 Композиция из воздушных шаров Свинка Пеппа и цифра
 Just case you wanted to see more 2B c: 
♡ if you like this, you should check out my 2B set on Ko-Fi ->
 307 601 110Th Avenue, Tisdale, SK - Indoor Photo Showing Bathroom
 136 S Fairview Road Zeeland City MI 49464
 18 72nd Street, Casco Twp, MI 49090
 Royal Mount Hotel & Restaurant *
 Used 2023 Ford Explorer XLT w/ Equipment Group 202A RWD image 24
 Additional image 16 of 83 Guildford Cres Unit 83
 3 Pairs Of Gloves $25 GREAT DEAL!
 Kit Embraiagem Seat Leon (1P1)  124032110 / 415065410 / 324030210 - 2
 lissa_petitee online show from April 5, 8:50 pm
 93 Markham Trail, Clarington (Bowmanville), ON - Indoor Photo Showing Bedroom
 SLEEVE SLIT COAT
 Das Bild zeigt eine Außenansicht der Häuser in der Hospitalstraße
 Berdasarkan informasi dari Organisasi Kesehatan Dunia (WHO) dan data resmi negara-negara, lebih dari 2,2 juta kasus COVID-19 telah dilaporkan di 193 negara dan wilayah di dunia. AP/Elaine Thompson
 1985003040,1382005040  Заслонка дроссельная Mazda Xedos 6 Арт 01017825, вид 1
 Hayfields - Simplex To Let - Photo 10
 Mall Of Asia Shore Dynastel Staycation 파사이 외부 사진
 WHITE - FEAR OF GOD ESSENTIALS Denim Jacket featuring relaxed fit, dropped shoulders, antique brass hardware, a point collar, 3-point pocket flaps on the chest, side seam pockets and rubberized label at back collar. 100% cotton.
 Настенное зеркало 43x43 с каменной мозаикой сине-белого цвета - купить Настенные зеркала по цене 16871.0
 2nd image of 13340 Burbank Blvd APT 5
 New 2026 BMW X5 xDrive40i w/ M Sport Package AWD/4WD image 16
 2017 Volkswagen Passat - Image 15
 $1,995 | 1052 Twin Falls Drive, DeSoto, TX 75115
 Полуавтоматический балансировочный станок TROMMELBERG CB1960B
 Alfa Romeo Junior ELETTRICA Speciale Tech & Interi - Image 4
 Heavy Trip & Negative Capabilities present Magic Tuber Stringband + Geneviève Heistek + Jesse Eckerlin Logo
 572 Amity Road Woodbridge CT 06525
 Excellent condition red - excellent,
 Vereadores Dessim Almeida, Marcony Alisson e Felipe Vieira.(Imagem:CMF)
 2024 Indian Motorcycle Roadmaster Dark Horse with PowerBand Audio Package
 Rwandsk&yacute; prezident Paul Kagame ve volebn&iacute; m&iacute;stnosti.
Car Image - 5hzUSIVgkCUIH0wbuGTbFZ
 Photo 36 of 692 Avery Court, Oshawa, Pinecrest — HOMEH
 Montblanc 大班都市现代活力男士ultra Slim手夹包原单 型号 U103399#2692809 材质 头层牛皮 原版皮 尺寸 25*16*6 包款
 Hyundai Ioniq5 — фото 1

■ **Exercise prompt**: Using the entries above, extract exactly the span from the line with "New 2026 BMW" to the line with "Photo 36 of", both lines included; leave out everything else.

■ **Answer space**:
 New 2026 BMW X5 xDrive40i w/ M Sport Package AWD/4WD image 16
 2017 Volkswagen Passat - Image 15
 $1,995 | 1052 Twin Falls Drive, DeSoto, TX 75115
 Полуавтоматический балансировочный станок TROMMELBERG CB1960B
 Alfa Romeo Junior ELETTRICA Speciale Tech & Interi - Image 4
 Heavy Trip & Negative Capabilities present Magic Tuber Stringband + Geneviève Heistek + Jesse Eckerlin Logo
 572 Amity Road Woodbridge CT 06525
 Excellent condition red - excellent,
 Vereadores Dessim Almeida, Marcony Alisson e Felipe Vieira.(Imagem:CMF)
 2024 Indian Motorcycle Roadmaster Dark Horse with PowerBand Audio Package
 Rwandsk&yacute; prezident Paul Kagame ve volebn&iacute; m&iacute;stnosti.
Car Image - 5hzUSIVgkCUIH0wbuGTbFZ
 Photo 36 of 692 Avery Court, Oshawa, Pinecrest — HOMEH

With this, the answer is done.